How does our perception of process excellence play out in an aggressive market place? Is process excellence a barrier to competitiveness? Well, I believe it can be, if the mindset is not prepared for change. Here is why.
In turning our business around, we recognised the need to increase sales; developing $140m new prospects in 6 months and converting this into a 70% increase in first year revenue; a team effort combining the best disciplines of engineering design, manufacturing and service.
Our bids were close to perfect, including the right level of resource and materials. We worked closely with suppliers. We built and installed reliable equipment. We evaluated risk and included appropriate mitigation. Contractually, we offered tight, but fair terms, with appropriate warrantees.
A winning combination, you might think? Our engineering excellence played well with established customers. Our competitors knew our strengths. Our owners wanted positive cash flow. Lower cost new entrants challenged pricing.

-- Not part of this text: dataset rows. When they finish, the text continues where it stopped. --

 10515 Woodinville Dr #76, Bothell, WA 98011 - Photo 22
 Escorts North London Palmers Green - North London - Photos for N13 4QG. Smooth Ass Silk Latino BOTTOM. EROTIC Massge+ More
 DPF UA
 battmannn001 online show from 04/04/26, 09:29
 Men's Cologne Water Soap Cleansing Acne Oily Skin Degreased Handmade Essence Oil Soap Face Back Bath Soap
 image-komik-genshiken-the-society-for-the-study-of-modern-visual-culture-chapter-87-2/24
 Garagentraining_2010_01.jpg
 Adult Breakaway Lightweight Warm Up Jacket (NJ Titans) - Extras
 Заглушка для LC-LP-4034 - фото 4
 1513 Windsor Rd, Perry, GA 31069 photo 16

How did we all respond?
Our excellent processes ensured that the original bid was profitable, commercially complete in every detail and would pass the scrutiny of the customer’s buyers and our board’s technical experts.

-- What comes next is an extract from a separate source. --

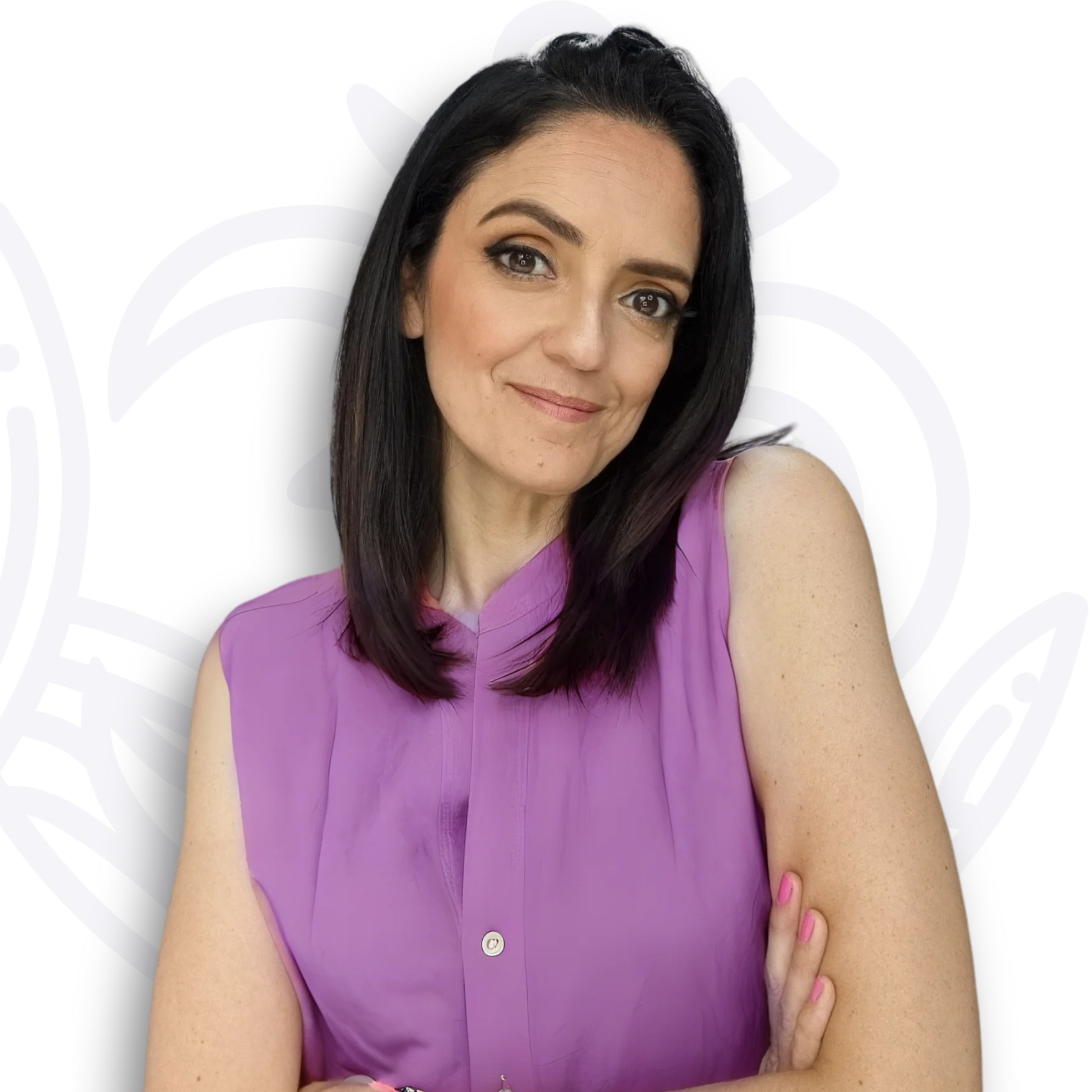 cursos online de maquillaje y reconexión personal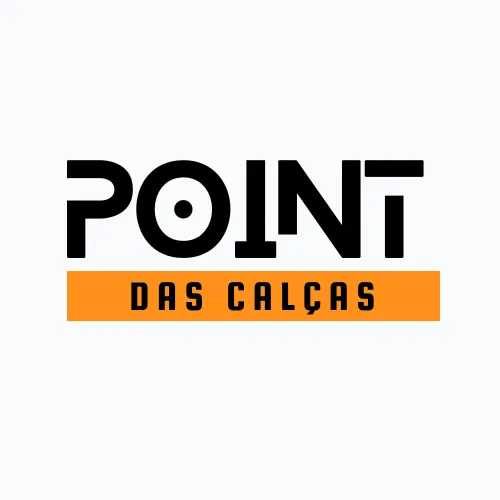 Calça de Brim Uniforme Pronta Entrega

Our competitors took a different perspective of the project life-cycle. They submitted a lower initial price and were happy to run with negative cash flow for longer. Either through guile or incompetence, they might under-quote on engineering time or forget to include some items. They knew that by the time their work was incorporated into our customer’s large infrastructure project there would be many changes to the successful bid. They also knew that the initial project would be awarded to the lowest bidder and the changes in the years ahead would not be put out to re-tender.

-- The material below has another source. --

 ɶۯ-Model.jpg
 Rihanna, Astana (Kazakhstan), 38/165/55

Our competitors gambled on making money from the variations that would be requested later in the cycle. How were we aware of this behaviour? Large bids are opened publically by the awarding organisation. From the numbers read out, we got a quick sense of where competitors’ offers varied from our own. They worked on the presumption that they could correct any mistakes and add back profit via some of the many requested project variations. They knew that changes post project award were commonplace. Our owners, from a service and financial background, did not understand this.
We were sometimes outraged that our competitors acted with lower quality. They were prepared to manage risk and relationships later to ensure profit across the whole life-cycle of the project.
So, my advice to those who pride themselves on process excellence is this. Ensure that your processes are reviewed regularly against the needs of ALL those who benefit. Be aware that your unique selling points can be exploited. Keep your competitors guessing and your Board aware of what you are doing.
Feel free to push back on my observations and have a great week.